(Beginning of Provided records)
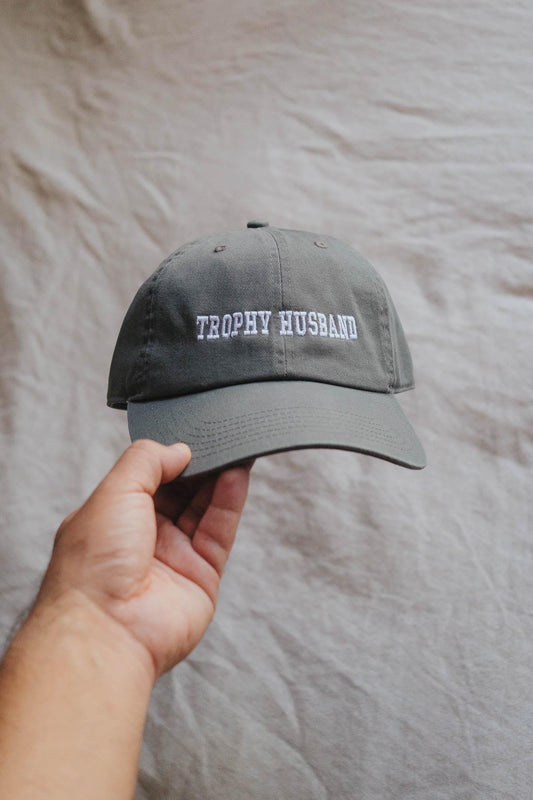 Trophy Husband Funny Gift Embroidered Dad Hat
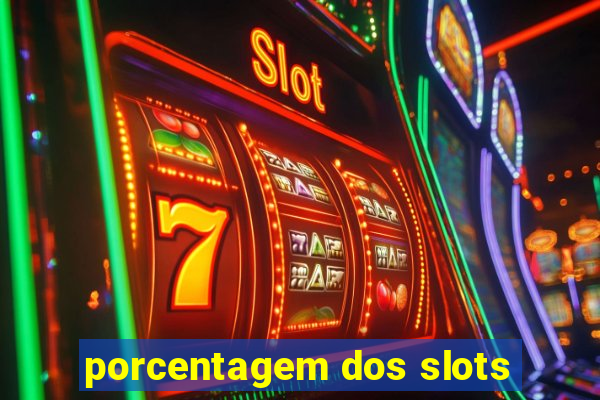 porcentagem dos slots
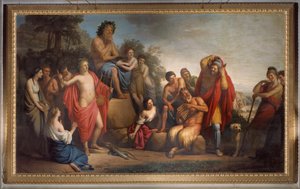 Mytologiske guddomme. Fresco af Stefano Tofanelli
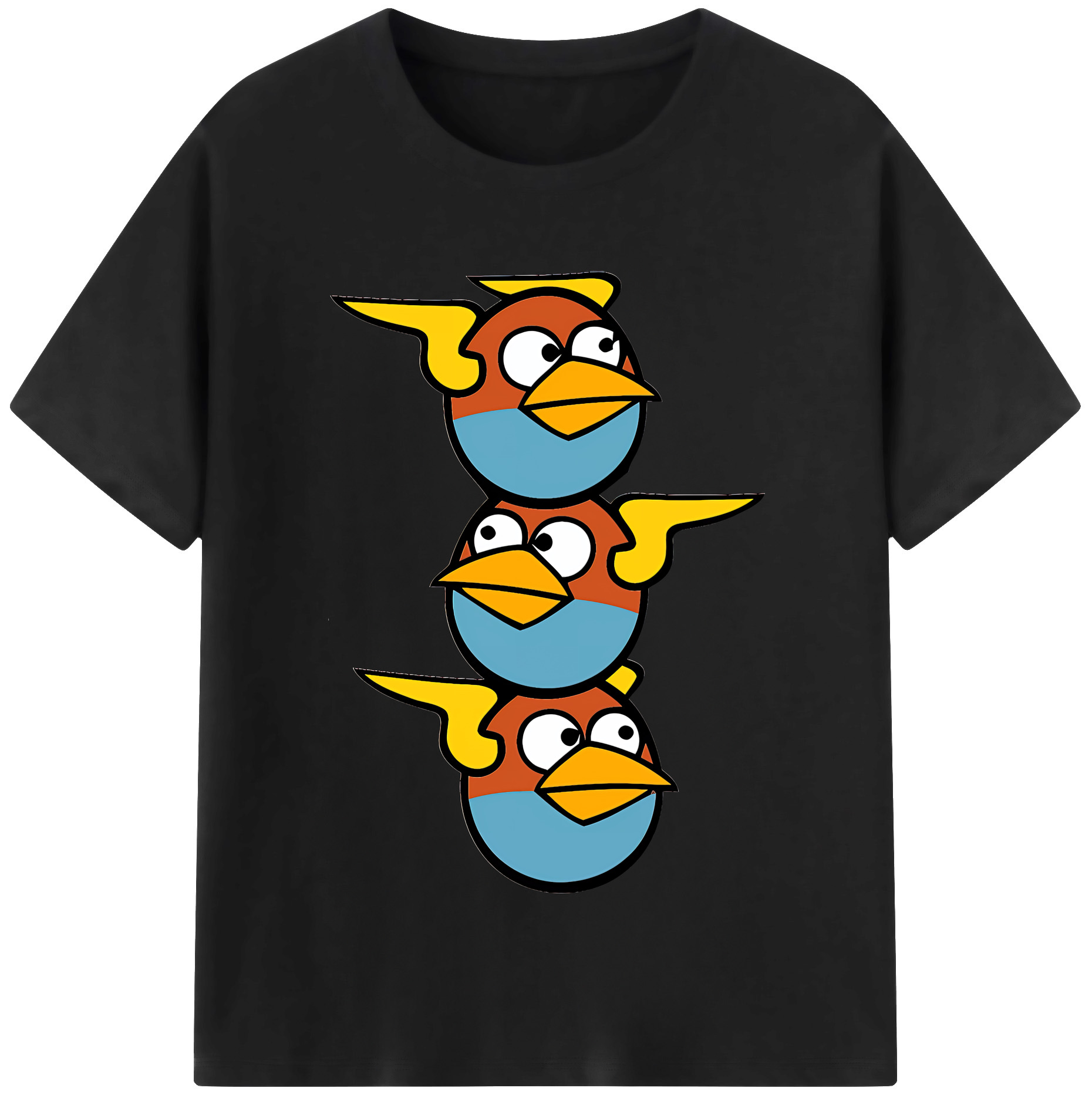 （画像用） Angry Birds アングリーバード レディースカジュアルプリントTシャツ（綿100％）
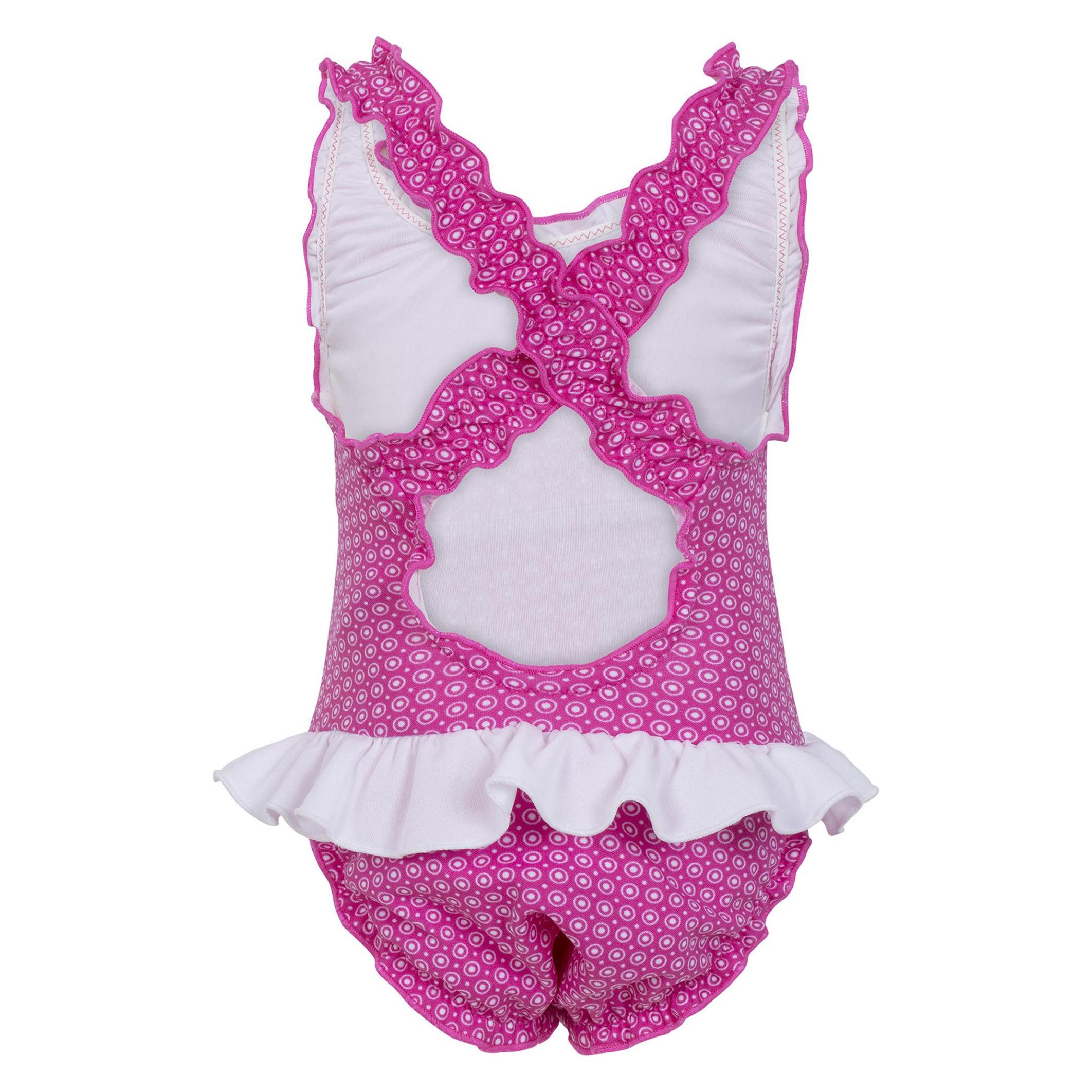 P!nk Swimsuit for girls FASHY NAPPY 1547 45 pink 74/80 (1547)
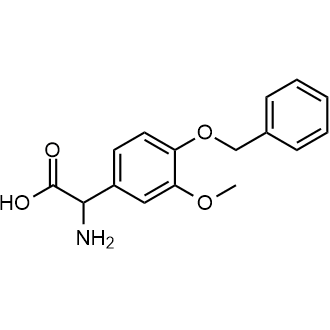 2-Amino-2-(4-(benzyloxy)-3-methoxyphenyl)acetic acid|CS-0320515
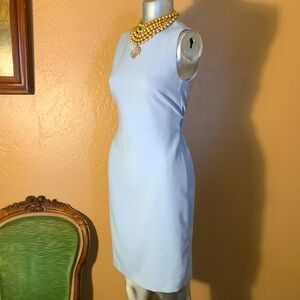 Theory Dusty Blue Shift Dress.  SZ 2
(End of Provided records)
**Exercise details:** Pictures excluded, set down all the entries exactly.

**Reply to the exercise:**
 Trophy Husband Funny Gift Embroidered Dad Hat
 porcentagem dos slots
 Mytologiske guddomme. Fresco af Stefano Tofanelli
 （画像用） Angry Birds アングリーバード レディースカジュアルプリントTシャツ（綿100％）
 P!nk Swimsuit for girls FASHY NAPPY 1547 45 pink 74/80 (1547)
 2-Amino-2-(4-(benzyloxy)-3-methoxyphenyl)acetic acid|CS-0320515
 Theory Dusty Blue Shift Dress.  SZ 2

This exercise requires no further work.